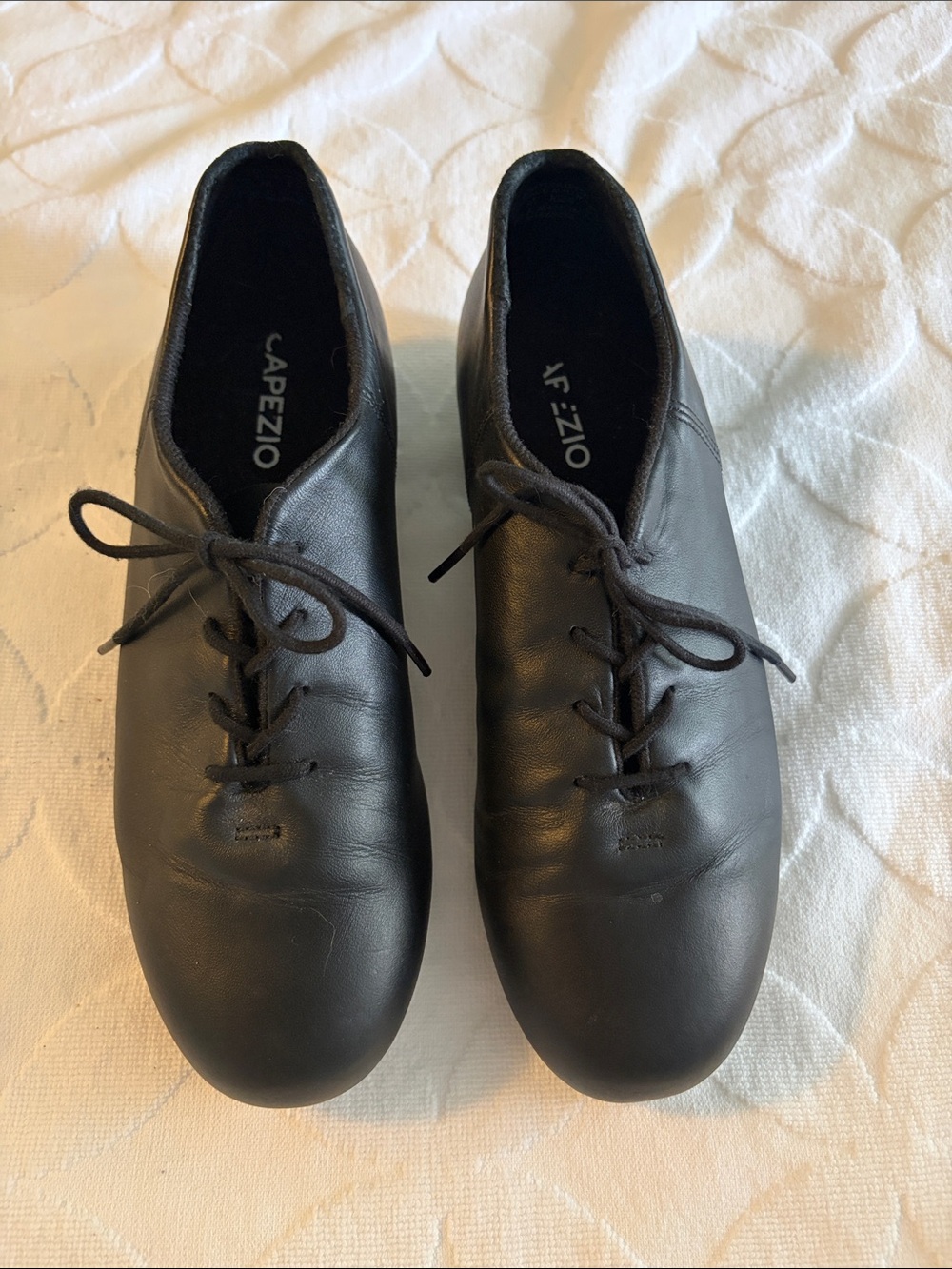 Capezio Cadence leather tap shoes, women’s size 10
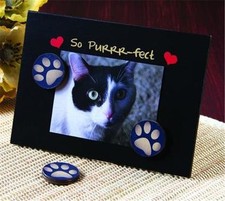 Magnet CAT Paws Frame So Purrr-fect PHOTO FRAME STAND or Wall Picture Frame
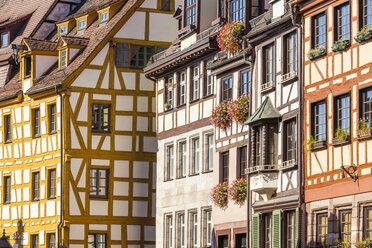 Germany, Bavaria, Nuremberg, half-timbered houses - WDF003490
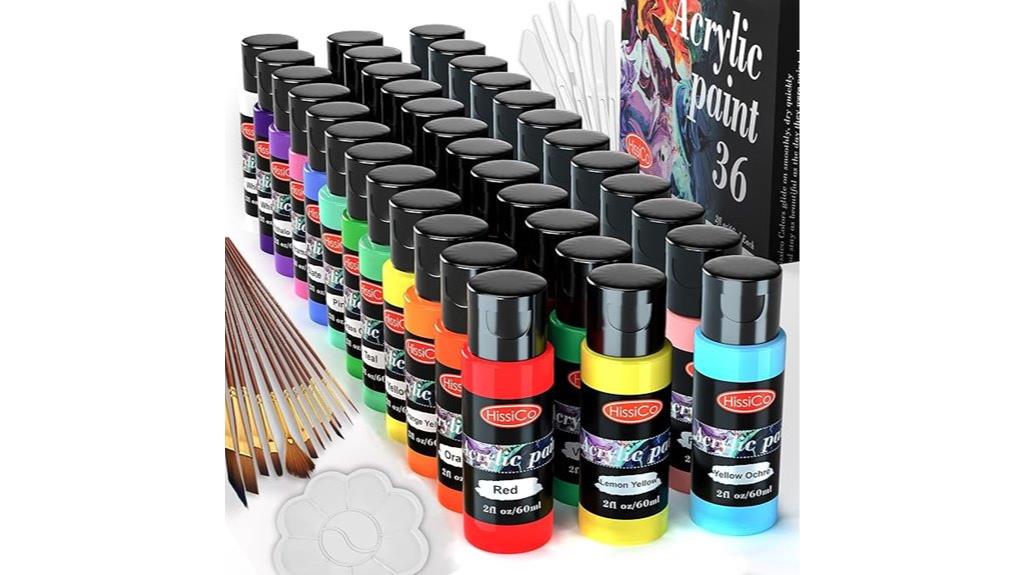 acrylic paint set pack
····················
* **Exercise goal**: Copy out, with no pictures, the lines from the one containing "Germany, Bavaria, Nuremberg, half-timbered" through the last line of the data above, both ends included and each word unchanged.

* **Answer section**:
 Germany, Bavaria, Nuremberg, half-timbered houses - WDF003490
 acrylic paint set pack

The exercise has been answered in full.